ICUMI (In case you missed it)

An irreverent and not always accurate view of the world


Howdy neighbor

Finding a new house, in a new city, while trying to manage a new job can be a bitch. Not to mention the increasing anxiety brought on by the possibility of your new neighbors — who they might be, what they might believe, and how they might behave at the annual block party.

Now just imagine if you decide to move in next door (or maybe a few blocks away) from the guy your new boss is replacing, the boss who also actually hired you and asked you to find the new house, in the new city so you can manage the new job he has for you. Can you say awkward?


This is apparently the fate awaiting Ivanka Trump and her husband, Jared Kushner. President-elect Donald Trump’s daughter and son-in-law are reportedly moving into the Kalorama neighborhood in Washington D.C., a mere few blocks away from where the outgoing First Family are slated to move Jan. 21, or thereabouts. While Barack and Michelle Obama are the first President and First Lady to stay in D.C. post-White House since Woodrow Wilson in 1921, Ivanka is the first, First Daughter to move in next door to a former president. We’re almost sure about that.

Although the First Daughter has not been appointed a position in her father’s administration, DT has repeatedly said he’d like it if both Ivanka and Jared become a formal part of his team.

With the two families being neighbors, at least until the Obama’s youngest daughter Sasha finishes high school, we’re hoping E! finds their new reality show.

All of this leaves us with only a few questions:

1) Will Ivanka ask Sasha to babysit her three small children for state dinners, White House parties and other such festivities?

2) Will Ivanka knock on Michelle’s door when she’s in need of a cup of sugar?

3) Will Barack ever steam open Ivanka’s mail “just to see” what something says?

4) Who’s going to be the first neighbor to prank the other? A little TPing? Or maybe ding-dong ditching? Or even lighting some of Bo’s poop on fire?

5) And lastly, how do we get an invite to the block party?
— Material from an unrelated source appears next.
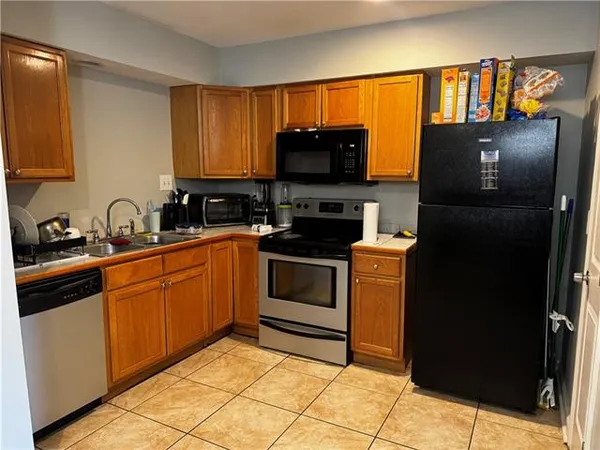 $239,000 | 3312 Pakenham Drive, Chalmette, LA 70043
Everything we know is a lie

It’s the New Year and already everything we know is a lie. While liberals cling to the final few days before the orange cloud of doom moves into the White House, they desperately hope that all the conspiracies are true and the election was rigged and the country will be handed to the person who truly deserves to run it — Bernie Sanders. But that’s a conspiracy we’re still waiting on.

The new hot lie that’s being uncovered is about the topically relevant disaster that happened over a century ago. Apparently the iceberg isn’t the only thing that sank the Titanic. In the new hour-long documentary Titanic: The New Evidence, researchers discovered a coal fire was also to blame for the ship’s demise, which killed more than 1,500 of the 2,224 passengers aboard. It seems as though the ship’s creators used low-quality materials and shortcuts to build the ship, which surely was the language they used in their ad, “Cross the Atlantic in the Titanic: both CHEAP and SUBSTANDARD! Buy your ticket today!”

The Titanic’s low budget, corner-cutting procedures will, no doubt, serve as inspiration for Trump’s administration. We’ll just have to wait and see what scapegoat/iceberg Trump blames for the downfall of America.

We’re just hoping James Cameron remakes Titanic with Jack burning to death while Rose stands alone in a fireproof room crying out that she’ll never let go.